IndexError: list index out of range
Unlike other programming langauges, Python also has a second set of indices starting with -1 on the very right, and counting down (more negative) as it steps leftward.
last_word: str = words[-1]
penultimate_word: str = words[-2]
print(f'{penultimate_word} {last_word}') # you up
List slices
Python allows us to use "slicing" to get a sub-list (a contiguous part of the list).
letters: list[str] = list('abcdefghijklmnopqrstuvwxyz')
print(letters) # ['a', 'b', 'c', 'd', ..., 'x', 'y', 'z']
second_third_fourth_letters: list[str] = letters[2:5]
print(second_third_fourth_letters) # ['c', 'd', 'e']
To "slice" a list: in the square brackets, we provide the starting index (inclusive) and the stopping index (exclusive).

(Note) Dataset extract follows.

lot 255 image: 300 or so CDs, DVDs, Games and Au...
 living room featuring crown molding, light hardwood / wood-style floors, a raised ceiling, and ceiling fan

The start must be to the left of the stop, and both must be valid indices.
It returns a new list that is a copy of that part of the original list, without modifying the original list.
If we want to start at the very beginning of the list, we can omit the starting index:
letters: list[str] = list('abcdefghijklmnopqrstuvwxyz')
print(letters[:4]) # ['a', 'b', 'c', 'd']
And if we want to end at the very end of the list, we can omit the stopping index:
letters: list[str] = list('abcdefghijklmnopqrstuvwxyz')
print(letters[20:]) # ['u', 'v', 'w', 'x', 'y', 'z']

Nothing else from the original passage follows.